At the time of the first infusion the ulcer was deep and had a diameter of 19 mm (fig 1A). After one infusion, at 2 weeks’ follow up, a marked improvement was seen (fig 1B), and at 6 weeks’ follow up, 4 weeks after the second infusion, only a scar of the ulcer was left (fig 1C). At 2 months’ follow up after the fourth infusion the patient was still in remission.

Figure 1

Active genital ulcer of the left labium majus together with genital scars. (A) Before the first infusion with infliximab; (B) 2 weeks after the first infusion; (C) 4 weeks after the second infusion.


Our case report supports the results of others,1–3 and shows that treatment with infliximab is effective in inducing remission of genital ulcers in patients with Behçet’s disease.

Recently, preliminary results from a double blind, placebo controlled study were presented on the effect of etanercept, another TNF blocking drug, on mucocutaneous manifestations in Behçet’s disease.7 In this 4 week study eight (40%) of the 20 etanercept treated patients achieved clinical remission of mucocutaneous manifestations compared with one (5%) patient in the 20 placebo treated patients.7 Interestingly, in the case by Estrach et al,3 the orogenital ulcerations in a patient with Behçet’s disease responded dramatically to treatment with infliximab after failure of etanercept. This raises the interesting question as to whether there is a difference in the efficacy in Behçet’s disease between etanercept (soluble receptor binding TNFα and -β) and infliximab (monoclonal antibody binding TNFα), drugs known to bind TNFα in different ways.
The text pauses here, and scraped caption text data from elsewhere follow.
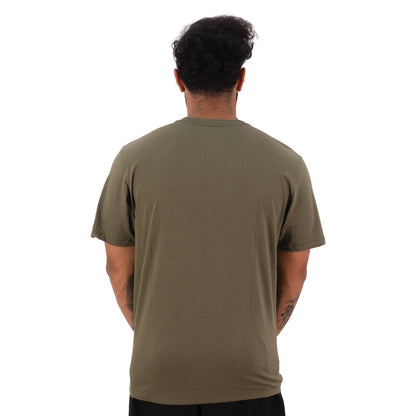 Camiseta Quiksilver Comp Logo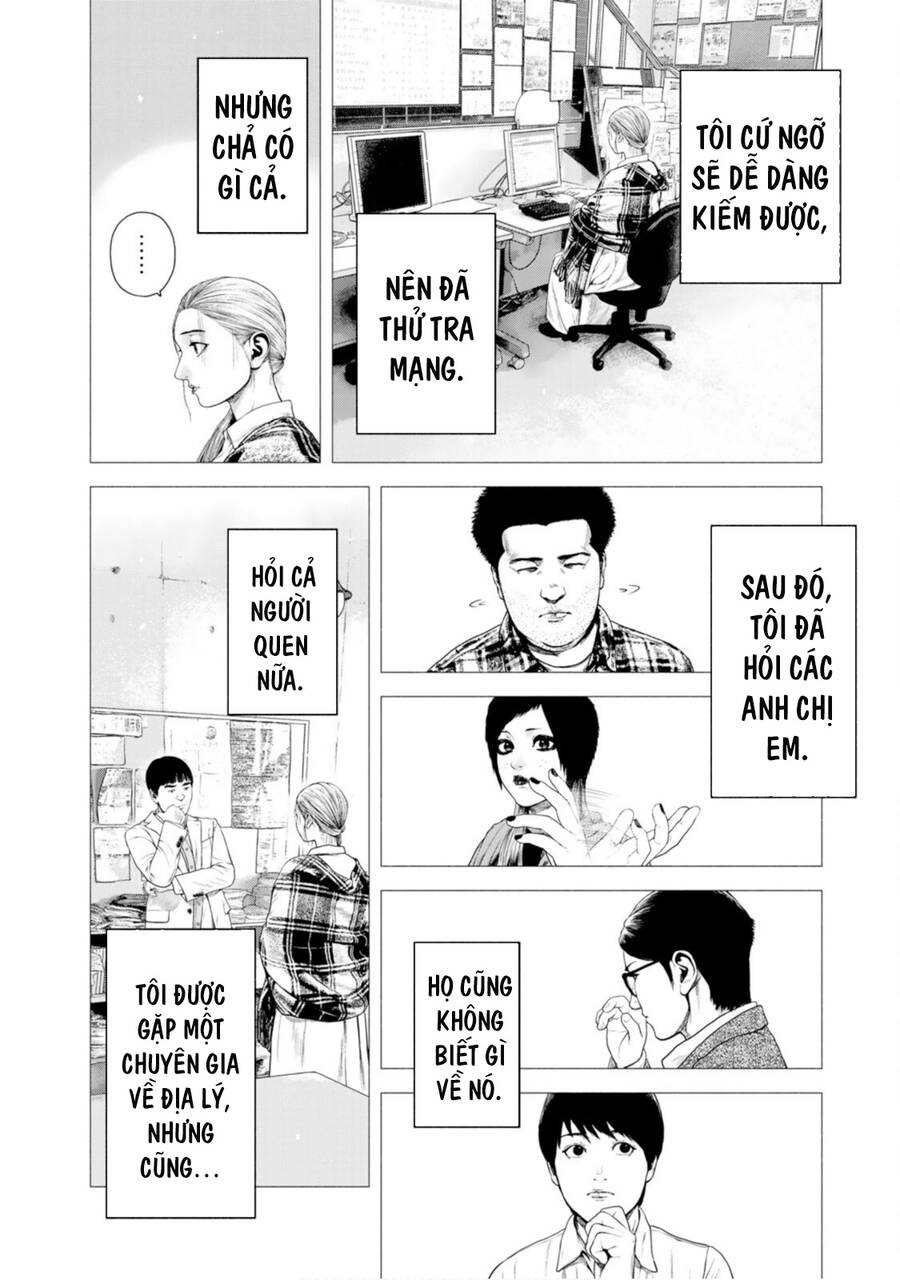 Furitsumore Kodoku Na Shi Yo Chương 13 Ảnh 14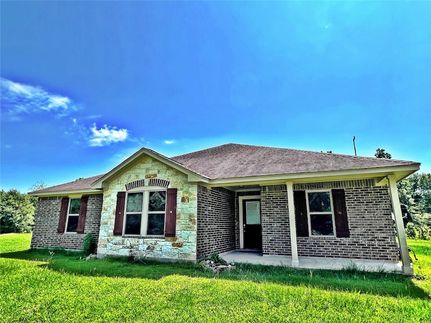 Recreational Property for sale in San Jacinto County, Texas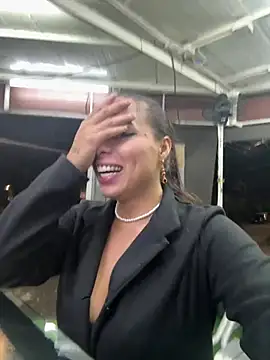 lindaandtony webcam show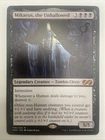 Mikaeus, the Unhallowed #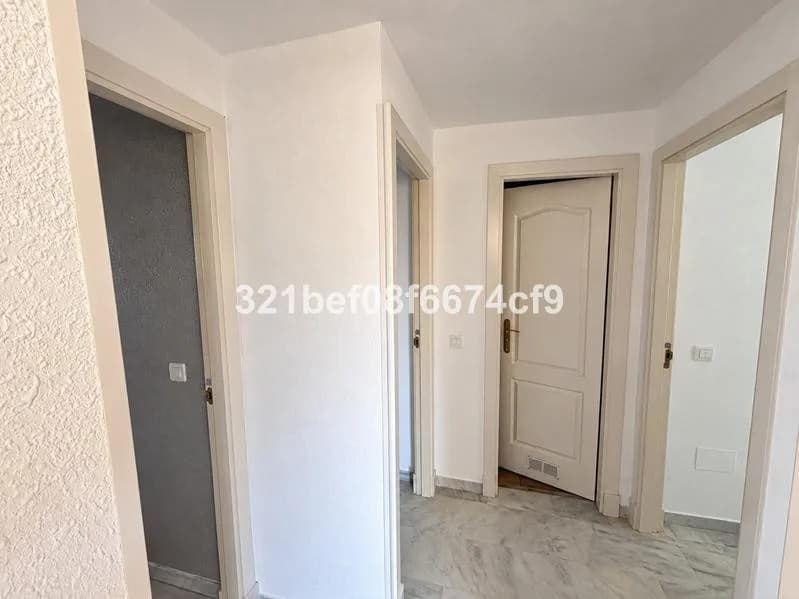 3 Bedroom Ground Floor Apartment for Sale in Doña Julia, Málaga - Image 2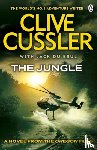 Cussler, Clive, du Brul, Jack - The Jungle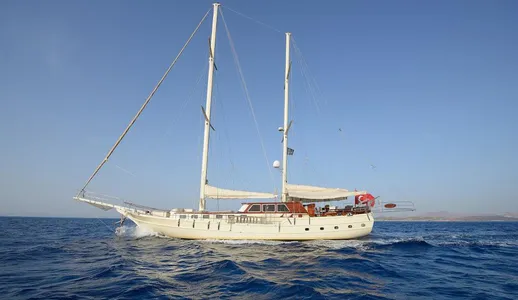 Gulet 24 meter 1990/2021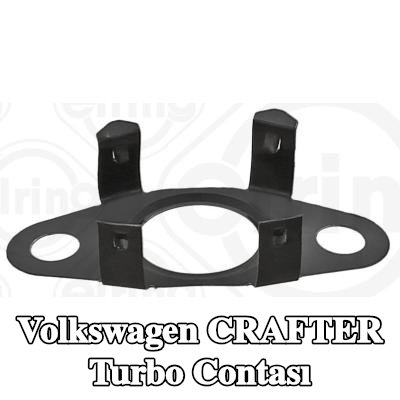 ELRING Turbo contası — Volkswagen Crafter
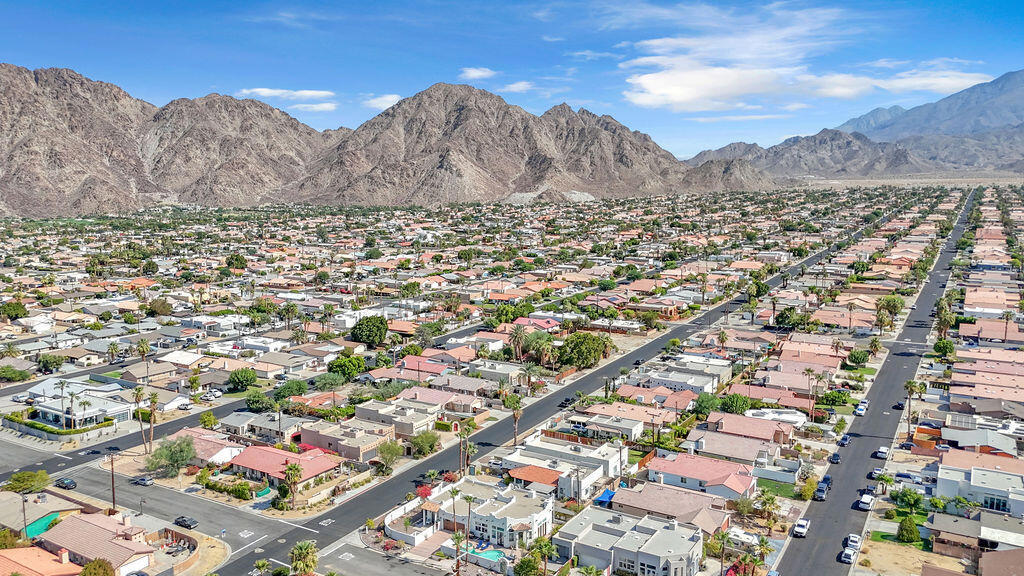 La Quinta Cove - Residential Lease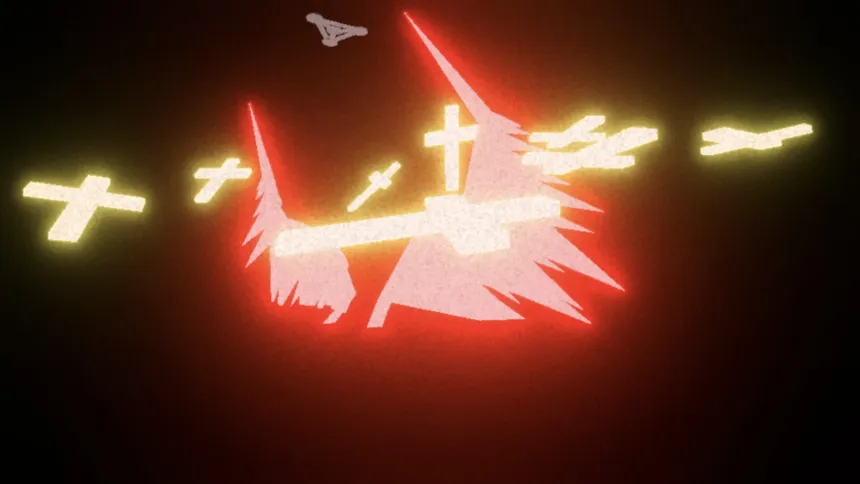 Скриншот 1 к игре LIGHT-BRINGER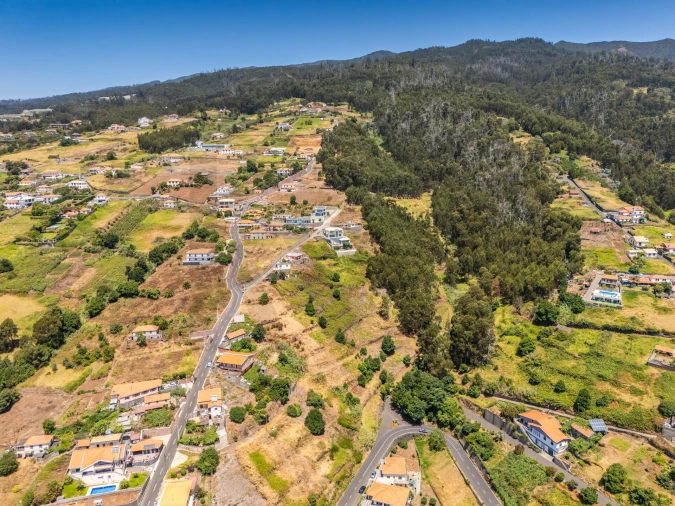 Moradia T1 para Venda em Estreito da Calheta Foto 10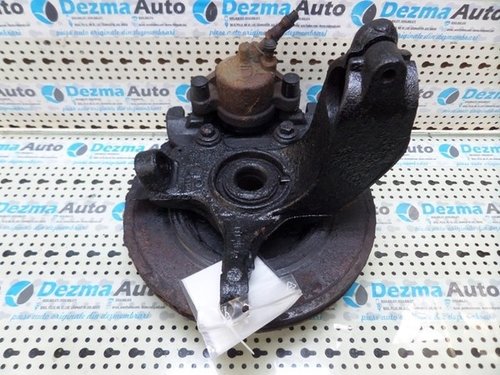 Fuzeta dreapta fata Ford C-Max 2007-2010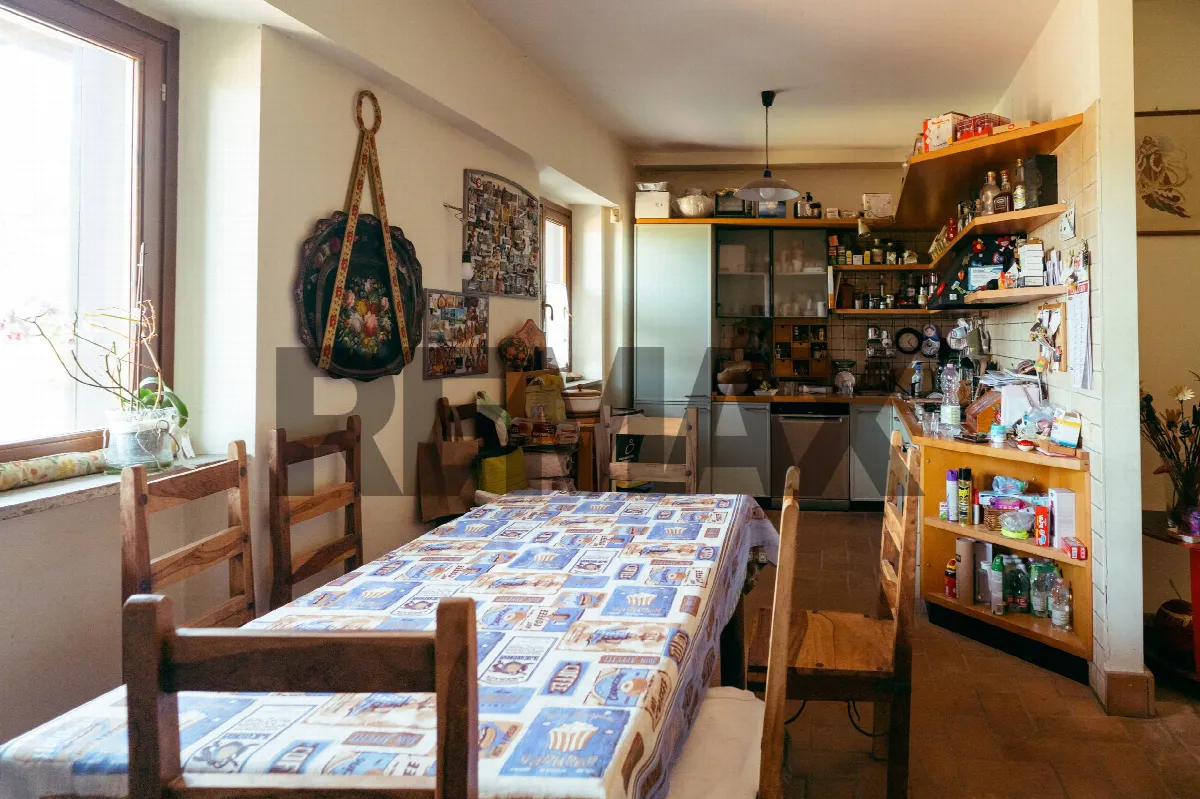 Porzione di villa in vendita a Marino - foto 9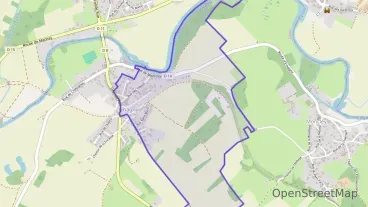 Maison 88 m² quatre pièces à vendre à Émagny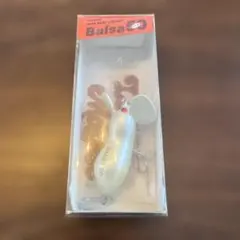 Balsa 50 トップウォーター ルアーのサムネイル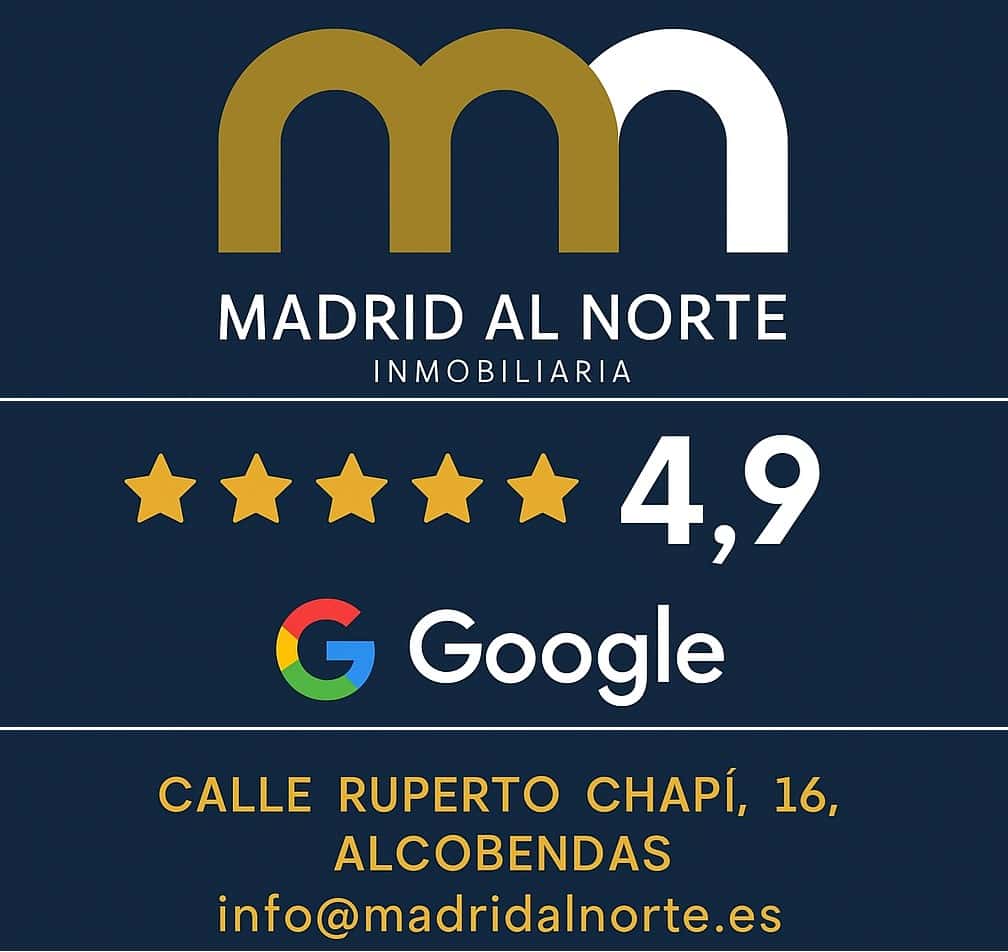 Madrid al Norte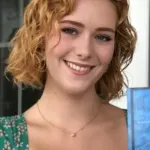 Ada-Nicole Sanger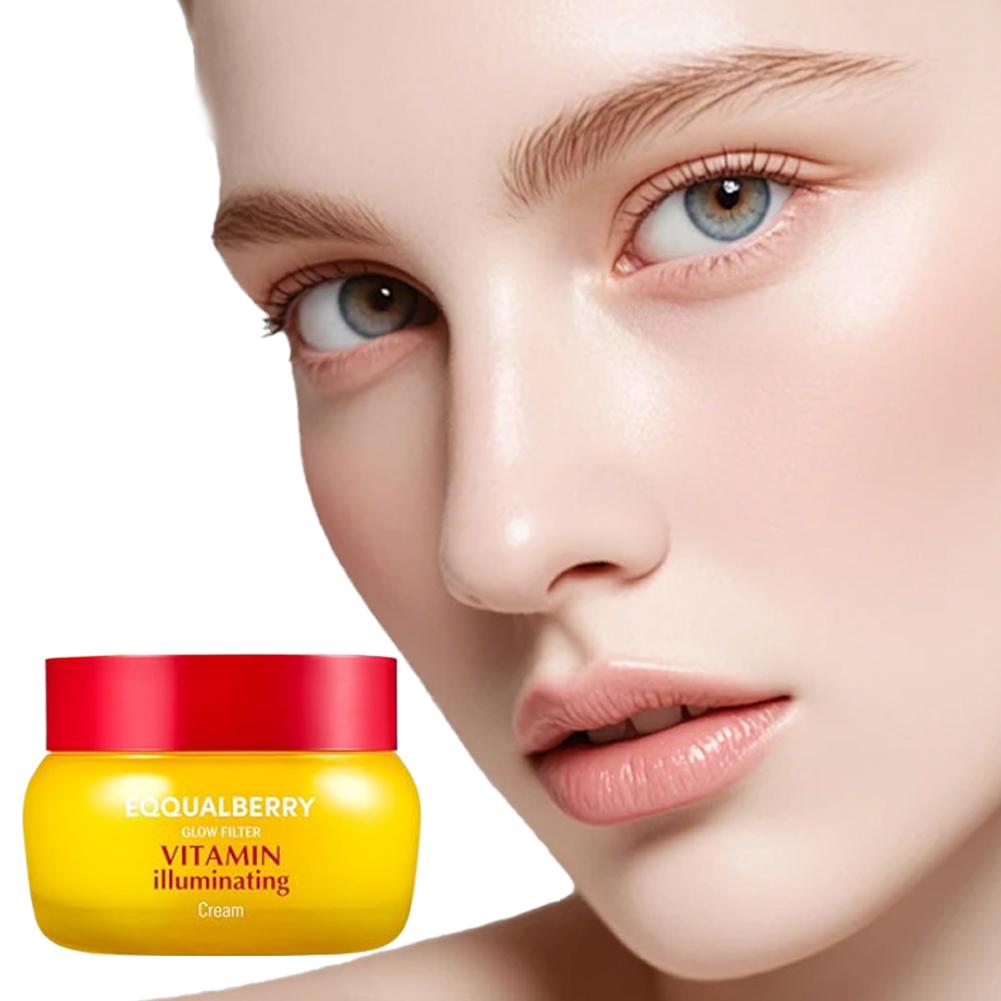 韓国オリジナルEQQUALBERRYチェリービタミンCブライ - Skincare Vitamin C のレビューと価格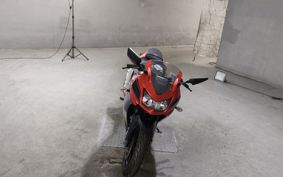 KAWASAKI NINJA250R EX250K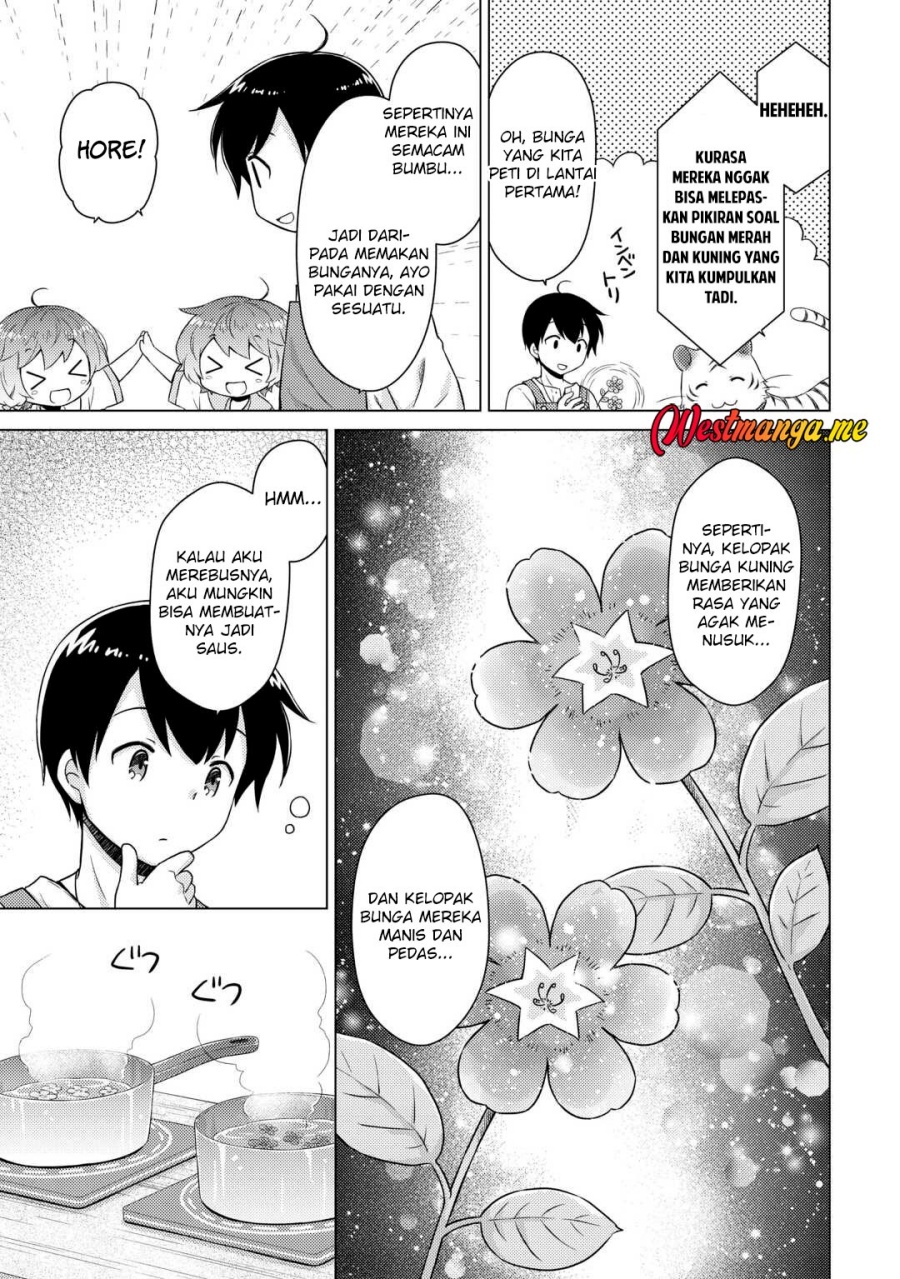 Isekai Yururi Kikou: Kosodate Shinagara Bouken-sha Shimasu Chap 64 - Next Chap 65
The experience so far with TNFα blocking treatment in Behçet’s disease is scarce as recently reviewed by Sfikakis.8 So far, significant side effects with the use of TNFα blocking drugs in Behçet’s disease have not been reported.8

Further clinical studies, especially double blind, randomised controlled trials designed with sufficient power are warranted before final conclusions can be drawn about the efficacy of treatment with TNFα blocking agents compared with conventional immunosuppressive agents.